Boulder City, Colorado — Amerityre, which makes polyurethane tyres for industrial applications, experienced unchanged sales in 2018, but saw operating profit fall by 7.2%.
In 2017, the firm had sales of $3.63 m, in 2018 this was $3.62 m, a 0.2% decrease. Gross profit in 2018 fell to $1.1 m from $1.8 m in 2017.
After research and development; sales and marketing; general administrative; other expenses; and, a loss on assets were taken into account; the company made a net loss of $2m in 2018. This compares with a net profit of $10m in 2017.
Flat sales ‘were in line with expectations. We anticipated that agricultural tyre and industrial tyre markets would remain weak,’ the firm said in a filing with the US SEC.
The company said that its light duty polyurethane foam tire segment saw increased demand for golf cart and baggage cart tyres.

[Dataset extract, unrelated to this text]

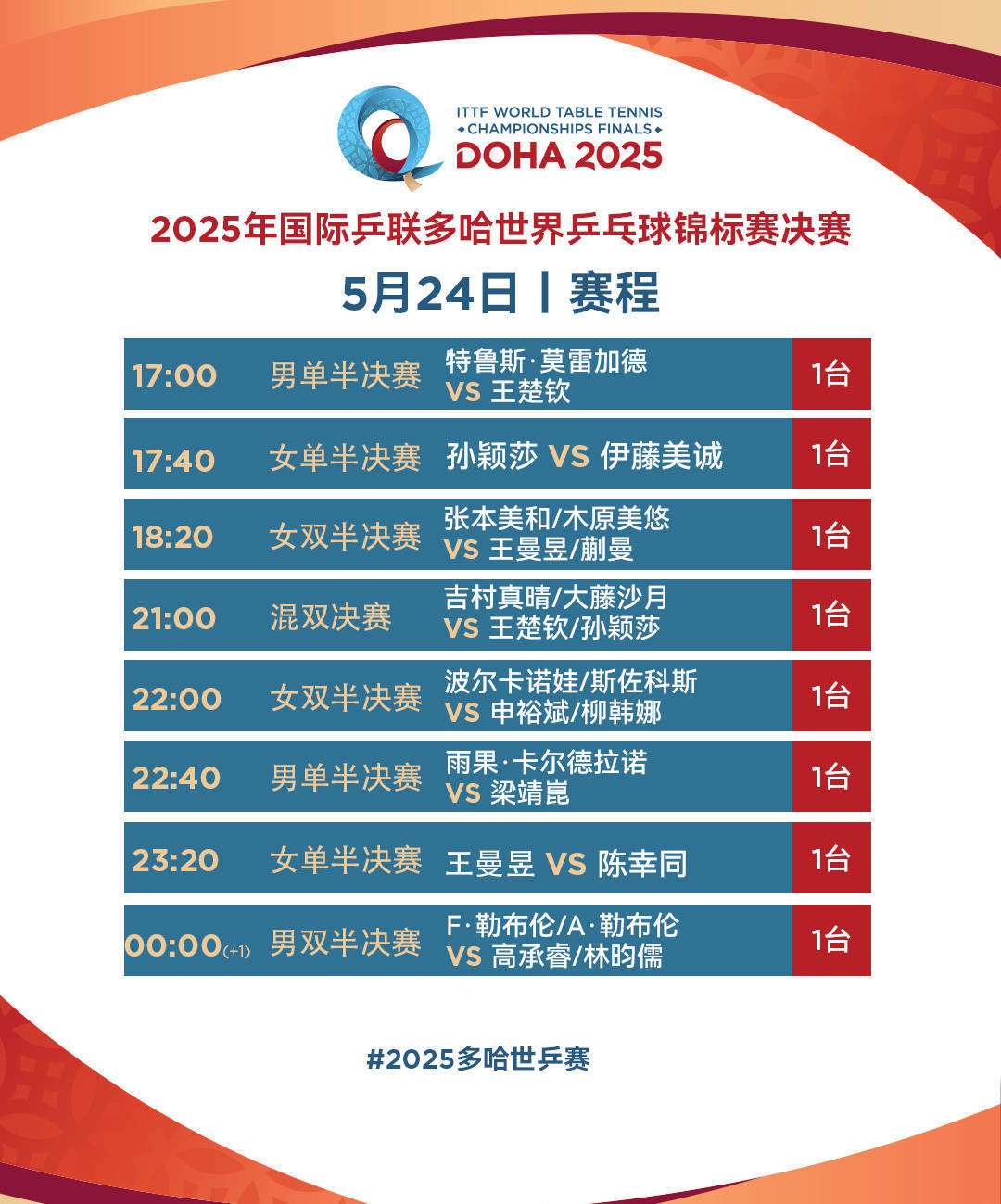 皇冠信用网注册开户
_三连冠皇冠信用网注册开户
！王楚钦/孙颖莎夺得世乒赛混双冠军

In its Polyurethane Elastomers Industrial Tire segment, acceptance of its forklift tyres is ‘slower than expected’ and there is ‘limited interest’ in its scissor-lift tyres. OEMs are not adopting or endorsing Amerityre products in these sectors because of the good economics of rubber tyres. Dealers will not switch to PU tyres in this area unless OEMs endorse them. This is despite Amerityre’s claims of ‘better economics with our tyre for the end user’.
The company added that this segment ‘contributed negligible revenue during 2018′.
Agricultural tyre sales were hit by low farm commodity prices. These limit farmers’ ability to invest in new or replacement equipment. ‘We are expecting continued difficult conditions for our sales until we see a substantial evidence of a turnaround,’ said the company.